New budget: Hungary scores another fiscal goal in the European cup of financial stability

While Hungary’s national football team continues to surprise at the UEFA European Championship, Hungary surprises in another European competition. For the second year in a row, the country accepted next year’s budget during the spring parliamentary session to build on Hungary’s favorable economic prospects in today’s Europe. Next year’s budget is Hungary’s secret formula to advance on its debt-slashing, GDP growth path.

Tax cuts and a boost to the construction sector best describe Hungary’s 2017 budget that was accepted last Monday, just in time for most ministers and MPs to fulfill another sweet national duty: cheering on the country’s national football team.
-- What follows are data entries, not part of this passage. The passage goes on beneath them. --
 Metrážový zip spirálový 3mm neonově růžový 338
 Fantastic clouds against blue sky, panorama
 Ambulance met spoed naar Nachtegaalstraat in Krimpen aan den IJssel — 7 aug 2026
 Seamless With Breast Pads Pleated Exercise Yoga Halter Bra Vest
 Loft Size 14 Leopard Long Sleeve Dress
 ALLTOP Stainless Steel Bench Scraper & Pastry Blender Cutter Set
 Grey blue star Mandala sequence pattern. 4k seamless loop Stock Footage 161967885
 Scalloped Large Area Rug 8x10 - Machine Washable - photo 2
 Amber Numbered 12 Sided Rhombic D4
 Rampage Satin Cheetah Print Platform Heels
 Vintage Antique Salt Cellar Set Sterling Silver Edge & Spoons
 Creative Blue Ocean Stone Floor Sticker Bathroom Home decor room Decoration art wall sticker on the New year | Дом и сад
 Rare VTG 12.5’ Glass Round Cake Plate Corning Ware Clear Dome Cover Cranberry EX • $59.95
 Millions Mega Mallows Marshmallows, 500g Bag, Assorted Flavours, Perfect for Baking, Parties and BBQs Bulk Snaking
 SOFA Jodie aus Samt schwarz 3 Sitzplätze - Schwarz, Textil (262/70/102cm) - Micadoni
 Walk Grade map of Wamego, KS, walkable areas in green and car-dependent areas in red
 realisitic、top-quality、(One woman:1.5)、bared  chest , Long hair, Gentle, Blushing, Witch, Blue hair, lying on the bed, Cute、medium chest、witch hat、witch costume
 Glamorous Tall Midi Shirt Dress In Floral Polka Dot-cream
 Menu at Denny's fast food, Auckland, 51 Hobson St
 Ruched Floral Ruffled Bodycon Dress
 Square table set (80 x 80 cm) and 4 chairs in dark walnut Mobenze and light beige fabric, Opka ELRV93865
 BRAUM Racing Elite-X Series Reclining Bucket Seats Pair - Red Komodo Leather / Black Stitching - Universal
With economic forecasts projecting growth of 3.1 percent, low inflation, an ESA fiscal deficit of 2.4 percent and a lower general government debt-to-GDP ratio, the 2017 national budget is, similar to previous years, expected to beat many other EU Member States’ projections. So optimism is due, but we should not forget the long path ahead.

One of the greatest financial innovations in next year’s budget is the separation of development and operational costs. This strict financial planning allows only the former to qualify for deficit funding. In other words, Hungary only takes loans for projects that invest in its future, while state spending on its functioning will not exceed its revenues.

The budget leaves 55 billion HUF with households, lowers the VAT on certain products and offers a career model to public servants after rationalizing the public sector. All these aim to boost domestic consumption.

2017’s budget projects a record high surplus, up to HUF 205 billion, higher than in previous years. It is a clear sign that Hungary, despite upcoming elections in 2018, is dedicated to maintaining strict financial control, similar to its budgets of 2013 and 2014. When the first Orbán government was voted out in 2002, Hungary’s debt-to-GDP ratio was well below the Maastricht threshold of 60 percent, and in the three years of irresponsible spending by the Socialist-led government that followed, Hungary’s debt-to-GDP peaked well above 80 percent. After next year’s budget, the debt-to-GDP ratio is expected to shrink below 70 percent again, while the economy is expected to continue growing.

Ten years ago, just two years before the economic crisis, the then Socialist prime minister was caught on tape admitting to faking Hungary’s economic numbers in order to get re-elected. It started as a small snowball, but an economic avalanche soon began to bury Hungary. No sane person would have bet on Hungary’s economic revival back then. Yet, here we are ten years later, with one of the highest GDP growth figures in Europe over the past few years, shrinking debt and historic highs in employment and investment. The 2017 budget, Hungary scores another goal in the struggle for economic progress, beating many other European teams.